Diana Buitron-Oliver (17 April 194629 April 2002) was an American classical archaeologist and curator, specializing in Greek vase painting.

Life 
Buitron-Oliver began her university studies at Smith College in Northampton, Massachusetts under German-American art historian Dietrich von Bothmer at the Institute of Fine Arts at New York University. She completed her doctoral thesis in 1976 on the vase paintings of the Greek painter Douris (c. 500-460 BC).

Curator 
From 1977–1984, she succeeded Dorothy Kent Hill as curator at the Antiquities Department of the Walters Art Museum in Baltimore. Later she worked with two exhibitions at the National Gallery of Art in Washington D.C., "The Human Figure in Early Greek Art" (1987–88) and "The Greek Miracle.
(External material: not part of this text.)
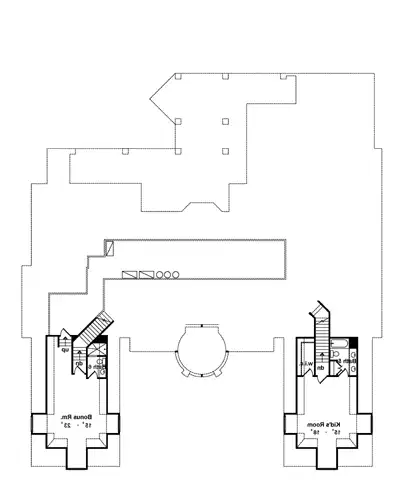 Second Floor Plan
Classical Sculpture From the Dawn of Democracy, the Fifth Century, BC " (1992-1993). In 1992 she curated the exhibition "The Odyssey and Ancient Art" at Bard College in New York, together with Beth Cohen. From 1988 she was an adjunct professor teaching Greek art  at Georgetown University in Washington, D.C.

Researcher 
Buitron-Oliver was a frequent visitor to the American School of Classical Studies at Athens, Greece, taking her first trip there when  in 1972 when she was an NYU doctoral student. Her research focused on Greek vase painting and the archaeology of Cyprus. From 1978 to 1982 she led excavations in the sanctuary of Apollo Hylates in the ancient city of Kourion in Cyprus focusing on the archaic precinct, resulting in her 1996 publication, The Sanctuary of Apollo Hylates at Kourion: Excavations in the Archaic Precinct.

Her husband was Andrew (Drew) Oliver. In 1989, they built a home on Cyprus and returned there whenever possible to pursue research, focusing on the areas of Black Sea, the Near East, and other Mediterranean sites.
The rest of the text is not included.